§ **Prompt**:
In the listing below, a line holding "Квіткові Пучки Акварельний" and a line holding "McGuire Denim Dark" mark the range. Retype both exactly, with all lines between them.
Excerpted data below:
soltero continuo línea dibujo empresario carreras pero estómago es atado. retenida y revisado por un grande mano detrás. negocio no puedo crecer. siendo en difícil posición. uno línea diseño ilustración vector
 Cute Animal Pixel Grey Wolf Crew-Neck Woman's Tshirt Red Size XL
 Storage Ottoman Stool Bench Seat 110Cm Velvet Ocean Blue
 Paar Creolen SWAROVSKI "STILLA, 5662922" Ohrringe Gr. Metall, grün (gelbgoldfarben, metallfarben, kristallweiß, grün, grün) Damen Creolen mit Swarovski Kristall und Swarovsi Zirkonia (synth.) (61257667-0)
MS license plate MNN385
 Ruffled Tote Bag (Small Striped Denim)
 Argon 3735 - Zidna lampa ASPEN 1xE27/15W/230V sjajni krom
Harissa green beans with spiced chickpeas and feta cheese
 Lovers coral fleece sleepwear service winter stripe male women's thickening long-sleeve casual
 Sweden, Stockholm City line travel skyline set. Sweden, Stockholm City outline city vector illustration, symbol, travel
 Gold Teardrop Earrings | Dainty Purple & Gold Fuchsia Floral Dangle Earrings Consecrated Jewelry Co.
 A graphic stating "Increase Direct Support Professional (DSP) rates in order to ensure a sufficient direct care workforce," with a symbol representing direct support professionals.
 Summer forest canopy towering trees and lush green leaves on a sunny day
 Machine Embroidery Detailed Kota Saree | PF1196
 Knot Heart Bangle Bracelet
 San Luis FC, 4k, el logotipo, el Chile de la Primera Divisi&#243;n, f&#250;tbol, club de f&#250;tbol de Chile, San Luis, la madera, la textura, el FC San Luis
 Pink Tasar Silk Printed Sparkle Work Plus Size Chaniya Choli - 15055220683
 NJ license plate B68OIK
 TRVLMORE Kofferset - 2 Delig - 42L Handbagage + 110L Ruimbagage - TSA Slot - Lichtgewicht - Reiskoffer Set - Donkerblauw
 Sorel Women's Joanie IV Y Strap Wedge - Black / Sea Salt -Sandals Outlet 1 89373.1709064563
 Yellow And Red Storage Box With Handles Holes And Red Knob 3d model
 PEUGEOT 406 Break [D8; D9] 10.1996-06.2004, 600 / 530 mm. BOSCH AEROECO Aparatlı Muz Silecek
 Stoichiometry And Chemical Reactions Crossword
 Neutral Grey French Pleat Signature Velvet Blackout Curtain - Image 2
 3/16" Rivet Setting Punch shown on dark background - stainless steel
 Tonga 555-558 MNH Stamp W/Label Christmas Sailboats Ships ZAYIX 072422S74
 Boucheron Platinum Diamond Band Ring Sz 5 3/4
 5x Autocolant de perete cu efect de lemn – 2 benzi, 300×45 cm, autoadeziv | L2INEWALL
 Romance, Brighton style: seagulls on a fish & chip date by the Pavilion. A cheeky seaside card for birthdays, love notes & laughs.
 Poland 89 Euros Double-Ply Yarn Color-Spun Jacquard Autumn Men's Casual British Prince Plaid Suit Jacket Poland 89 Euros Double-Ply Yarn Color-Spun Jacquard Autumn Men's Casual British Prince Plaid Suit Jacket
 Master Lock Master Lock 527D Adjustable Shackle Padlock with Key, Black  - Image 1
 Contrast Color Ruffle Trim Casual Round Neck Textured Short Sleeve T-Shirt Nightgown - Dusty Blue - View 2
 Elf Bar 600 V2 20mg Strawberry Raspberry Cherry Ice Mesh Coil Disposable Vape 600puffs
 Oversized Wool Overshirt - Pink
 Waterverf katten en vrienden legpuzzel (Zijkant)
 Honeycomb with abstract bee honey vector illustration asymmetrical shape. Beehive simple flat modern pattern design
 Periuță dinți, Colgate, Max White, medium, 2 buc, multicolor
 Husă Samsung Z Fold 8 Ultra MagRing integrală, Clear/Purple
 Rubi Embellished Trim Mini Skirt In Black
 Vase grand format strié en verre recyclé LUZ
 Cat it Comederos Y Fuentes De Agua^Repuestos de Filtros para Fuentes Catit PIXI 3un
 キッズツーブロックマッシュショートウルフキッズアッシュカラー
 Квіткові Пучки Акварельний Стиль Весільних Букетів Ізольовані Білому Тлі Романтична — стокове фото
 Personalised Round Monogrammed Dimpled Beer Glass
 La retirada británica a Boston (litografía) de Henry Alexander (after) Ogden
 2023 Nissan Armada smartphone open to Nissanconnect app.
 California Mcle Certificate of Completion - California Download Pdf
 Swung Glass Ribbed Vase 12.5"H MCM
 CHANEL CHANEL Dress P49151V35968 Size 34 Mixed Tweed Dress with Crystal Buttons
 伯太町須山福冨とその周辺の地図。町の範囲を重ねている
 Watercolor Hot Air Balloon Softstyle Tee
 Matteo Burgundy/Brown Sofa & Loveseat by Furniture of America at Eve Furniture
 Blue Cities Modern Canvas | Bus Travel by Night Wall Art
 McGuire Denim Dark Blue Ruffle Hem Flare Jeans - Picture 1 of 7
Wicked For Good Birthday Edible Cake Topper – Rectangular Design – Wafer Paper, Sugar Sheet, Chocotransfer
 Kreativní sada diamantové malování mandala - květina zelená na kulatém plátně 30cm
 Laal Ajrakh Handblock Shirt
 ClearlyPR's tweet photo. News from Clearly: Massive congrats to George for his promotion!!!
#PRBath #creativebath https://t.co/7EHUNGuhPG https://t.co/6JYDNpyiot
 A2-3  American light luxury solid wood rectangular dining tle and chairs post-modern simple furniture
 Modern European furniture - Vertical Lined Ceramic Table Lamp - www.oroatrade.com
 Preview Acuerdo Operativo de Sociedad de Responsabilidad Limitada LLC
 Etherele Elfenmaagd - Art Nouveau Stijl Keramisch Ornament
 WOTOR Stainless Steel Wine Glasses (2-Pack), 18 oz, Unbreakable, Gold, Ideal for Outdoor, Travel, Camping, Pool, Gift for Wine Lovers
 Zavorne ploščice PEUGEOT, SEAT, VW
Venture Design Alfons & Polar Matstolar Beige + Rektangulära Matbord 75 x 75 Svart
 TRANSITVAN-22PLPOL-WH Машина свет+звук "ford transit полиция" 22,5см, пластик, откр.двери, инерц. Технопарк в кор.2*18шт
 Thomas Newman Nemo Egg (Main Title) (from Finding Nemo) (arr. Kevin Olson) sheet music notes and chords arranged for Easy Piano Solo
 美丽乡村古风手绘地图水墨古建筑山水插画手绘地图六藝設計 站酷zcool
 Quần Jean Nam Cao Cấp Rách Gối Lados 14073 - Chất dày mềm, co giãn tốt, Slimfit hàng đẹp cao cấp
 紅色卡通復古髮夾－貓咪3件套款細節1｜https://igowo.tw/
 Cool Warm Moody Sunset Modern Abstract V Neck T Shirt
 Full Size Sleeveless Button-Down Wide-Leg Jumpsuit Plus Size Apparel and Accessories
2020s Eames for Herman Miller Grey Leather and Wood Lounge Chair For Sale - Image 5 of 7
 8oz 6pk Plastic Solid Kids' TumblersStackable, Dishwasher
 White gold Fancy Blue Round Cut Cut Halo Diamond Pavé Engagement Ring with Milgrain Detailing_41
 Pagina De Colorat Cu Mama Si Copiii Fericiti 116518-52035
End of Excerpted data.
§ **Response below**:
 Квіткові Пучки Акварельний Стиль Весільних Букетів Ізольовані Білому Тлі Романтична — стокове фото
 Personalised Round Monogrammed Dimpled Beer Glass
 La retirada británica a Boston (litografía) de Henry Alexander (after) Ogden
 2023 Nissan Armada smartphone open to Nissanconnect app.
 California Mcle Certificate of Completion - California Download Pdf
 Swung Glass Ribbed Vase 12.5"H MCM
 CHANEL CHANEL Dress P49151V35968 Size 34 Mixed Tweed Dress with Crystal Buttons
 伯太町須山福冨とその周辺の地図。町の範囲を重ねている
 Watercolor Hot Air Balloon Softstyle Tee
 Matteo Burgundy/Brown Sofa & Loveseat by Furniture of America at Eve Furniture
 Blue Cities Modern Canvas | Bus Travel by Night Wall Art
 McGuire Denim Dark Blue Ruffle Hem Flare Jeans - Picture 1 of 7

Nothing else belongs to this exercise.